Eerder waren zijn voorganger Gerrit Zalm en de toenmalige bestuurders Joop Wijn en Chris Vogelzang al verdacht.

2016 tot en met 2019
De advocaat van Van Dijkhuizen is niet bereikbaar voor commentaar. Tegen het FD zegt ze dat ze niet wil ingaan op de vraag sinds wanneer Van Dijkhuizen op de hoogte is gesteld door het OM en of hij al is gehoord als verdachte.
Het strafrechtelijk onderzoek richtte zich aanvankelijk op de periode van 2014 tot en met 2016, maar nu Van Dijkhuizen ook verdachte is, lijkt het onderzoek ook te gaan over de jaren tot en met 2019. Van Dijkhuizen was van 2013 tot 2017 financieel bestuurder bij de bank in het team van Zalm, en daarna tot april 2020 de CEO.

ABN Amro schikte in 2021
In april vorig jaar schikte ABN Amro voor 480 miljoen euro met het Openbaar Ministerie omdat de bank tekortschoot bij het tegengaan van witwassen.

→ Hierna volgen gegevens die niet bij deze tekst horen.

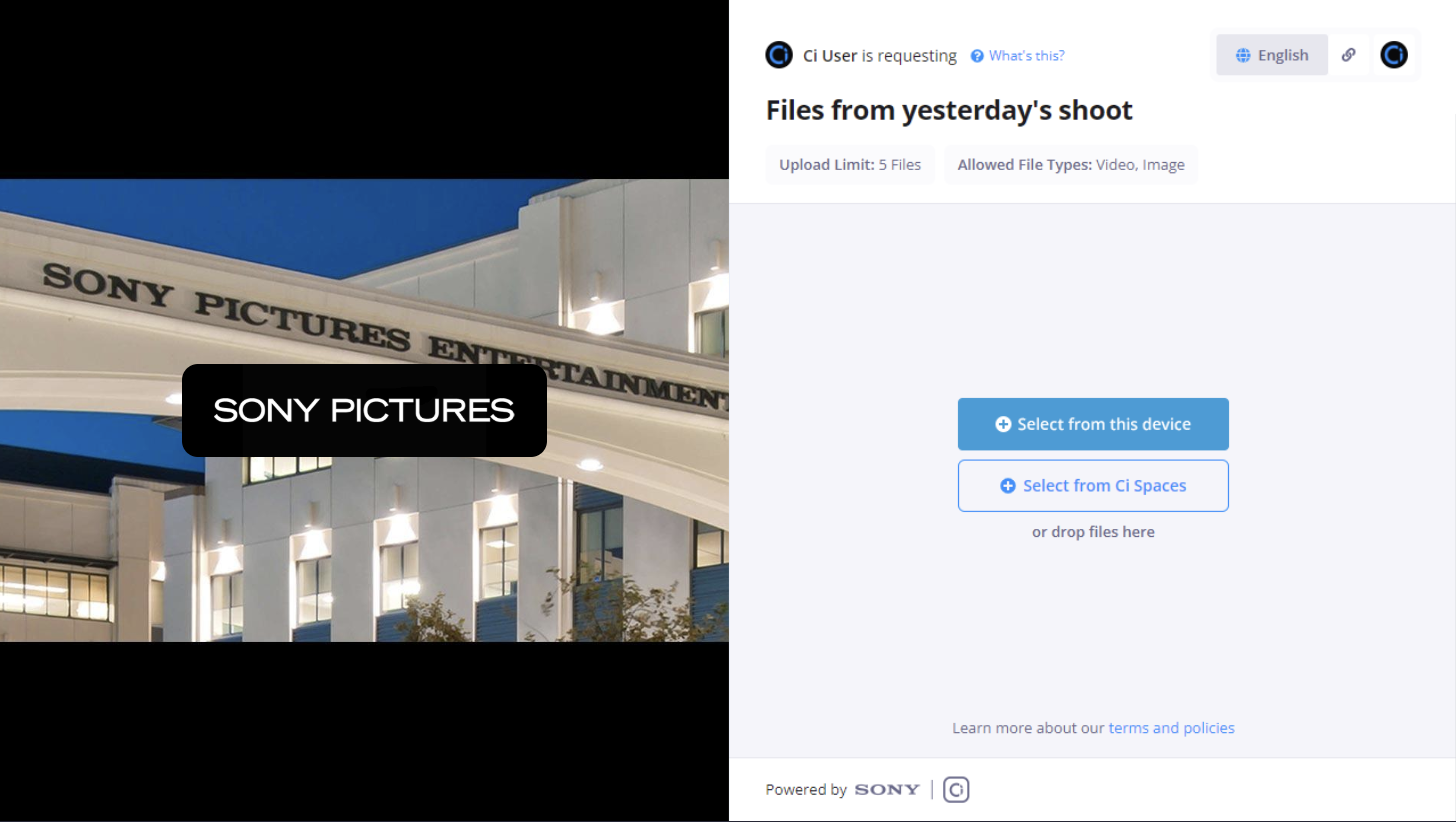 CompanyBranding_FileRequest.png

Banken moeten nagaan wie hun klanten zijn en of hun klanten zich niet schuldig maken aan het witwassen van geld. De bank gaf toe dat het daarin is tekortgeschoten.
ABN Amro werd ervan verdacht onvoldoende te hebben gedaan om witwassen te voorkomen.

Bij het onderzoek waarin onder meer Van Dijkhuizen wordt verdacht gaat het om een onderzoek naar de rol van individuele bestuurders.
Staatsbank
ABN Amro is nog altijd in meerderheid (56,3 procent) in handen van de staat. Tussen de nationalisatie ten tijde van de kredietcrisis in 2008 en de beursgang eind november 2015 was het zelfs volledig in handen van de staat.